> **What you should do**
Write out all of the listing exactly. Add nothing to it.
:: Source material ::
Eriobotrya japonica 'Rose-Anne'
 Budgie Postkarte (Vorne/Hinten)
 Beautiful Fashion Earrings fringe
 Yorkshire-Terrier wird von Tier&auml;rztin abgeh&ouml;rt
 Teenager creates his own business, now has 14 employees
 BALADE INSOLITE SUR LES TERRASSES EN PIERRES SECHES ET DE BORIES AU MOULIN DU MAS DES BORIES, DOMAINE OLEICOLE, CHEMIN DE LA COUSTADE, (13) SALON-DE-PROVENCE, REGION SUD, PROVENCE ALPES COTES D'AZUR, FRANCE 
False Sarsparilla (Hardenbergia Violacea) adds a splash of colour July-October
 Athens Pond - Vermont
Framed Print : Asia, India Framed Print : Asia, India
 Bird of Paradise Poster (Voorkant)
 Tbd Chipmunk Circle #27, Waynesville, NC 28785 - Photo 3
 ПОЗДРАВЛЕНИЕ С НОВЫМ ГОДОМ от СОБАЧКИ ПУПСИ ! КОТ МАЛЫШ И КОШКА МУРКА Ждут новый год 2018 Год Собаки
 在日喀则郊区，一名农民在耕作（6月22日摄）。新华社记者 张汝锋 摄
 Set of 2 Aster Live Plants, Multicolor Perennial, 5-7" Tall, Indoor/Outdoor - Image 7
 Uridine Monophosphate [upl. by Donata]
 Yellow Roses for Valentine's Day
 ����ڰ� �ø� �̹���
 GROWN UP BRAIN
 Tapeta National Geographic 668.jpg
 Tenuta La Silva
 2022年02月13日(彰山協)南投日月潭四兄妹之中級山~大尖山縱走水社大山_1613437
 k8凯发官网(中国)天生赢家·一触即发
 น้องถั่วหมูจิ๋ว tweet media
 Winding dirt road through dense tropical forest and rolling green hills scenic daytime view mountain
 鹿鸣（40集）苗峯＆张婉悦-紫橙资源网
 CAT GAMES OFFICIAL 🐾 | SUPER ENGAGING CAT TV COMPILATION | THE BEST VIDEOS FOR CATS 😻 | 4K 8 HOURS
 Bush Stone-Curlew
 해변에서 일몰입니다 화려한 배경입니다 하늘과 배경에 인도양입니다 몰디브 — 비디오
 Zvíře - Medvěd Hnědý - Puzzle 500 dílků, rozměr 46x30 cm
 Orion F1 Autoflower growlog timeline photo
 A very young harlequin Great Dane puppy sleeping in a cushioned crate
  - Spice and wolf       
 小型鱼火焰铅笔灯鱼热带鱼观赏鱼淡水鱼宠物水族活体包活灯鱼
:::
> **Task result**
Eriobotrya japonica 'Rose-Anne'
 Budgie Postkarte (Vorne/Hinten)
 Beautiful Fashion Earrings fringe
 Yorkshire-Terrier wird von Tier&auml;rztin abgeh&ouml;rt
 Teenager creates his own business, now has 14 employees
 BALADE INSOLITE SUR LES TERRASSES EN PIERRES SECHES ET DE BORIES AU MOULIN DU MAS DES BORIES, DOMAINE OLEICOLE, CHEMIN DE LA COUSTADE, (13) SALON-DE-PROVENCE, REGION SUD, PROVENCE ALPES COTES D'AZUR, FRANCE 
False Sarsparilla (Hardenbergia Violacea) adds a splash of colour July-October
 Athens Pond - Vermont
Framed Print : Asia, India Framed Print : Asia, India
 Bird of Paradise Poster (Voorkant)
 Tbd Chipmunk Circle #27, Waynesville, NC 28785 - Photo 3
 ПОЗДРАВЛЕНИЕ С НОВЫМ ГОДОМ от СОБАЧКИ ПУПСИ ! КОТ МАЛЫШ И КОШКА МУРКА Ждут новый год 2018 Год Собаки
 在日喀则郊区，一名农民在耕作（6月22日摄）。新华社记者 张汝锋 摄
 Set of 2 Aster Live Plants, Multicolor Perennial, 5-7" Tall, Indoor/Outdoor - Image 7
 Uridine Monophosphate [upl. by Donata]
 Yellow Roses for Valentine's Day
 ����ڰ� �ø� �̹���
 GROWN UP BRAIN
 Tapeta National Geographic 668.jpg
 Tenuta La Silva
 2022年02月13日(彰山協)南投日月潭四兄妹之中級山~大尖山縱走水社大山_1613437
 k8凯发官网(中国)天生赢家·一触即发
 น้องถั่วหมูจิ๋ว tweet media
 Winding dirt road through dense tropical forest and rolling green hills scenic daytime view mountain
 鹿鸣（40集）苗峯＆张婉悦-紫橙资源网
 CAT GAMES OFFICIAL 🐾 | SUPER ENGAGING CAT TV COMPILATION | THE BEST VIDEOS FOR CATS 😻 | 4K 8 HOURS
 Bush Stone-Curlew
 해변에서 일몰입니다 화려한 배경입니다 하늘과 배경에 인도양입니다 몰디브 — 비디오
 Zvíře - Medvěd Hnědý - Puzzle 500 dílků, rozměr 46x30 cm
 Orion F1 Autoflower growlog timeline photo
 A very young harlequin Great Dane puppy sleeping in a cushioned crate
  - Spice and wolf       
 小型鱼火焰铅笔灯鱼热带鱼观赏鱼淡水鱼宠物水族活体包活灯鱼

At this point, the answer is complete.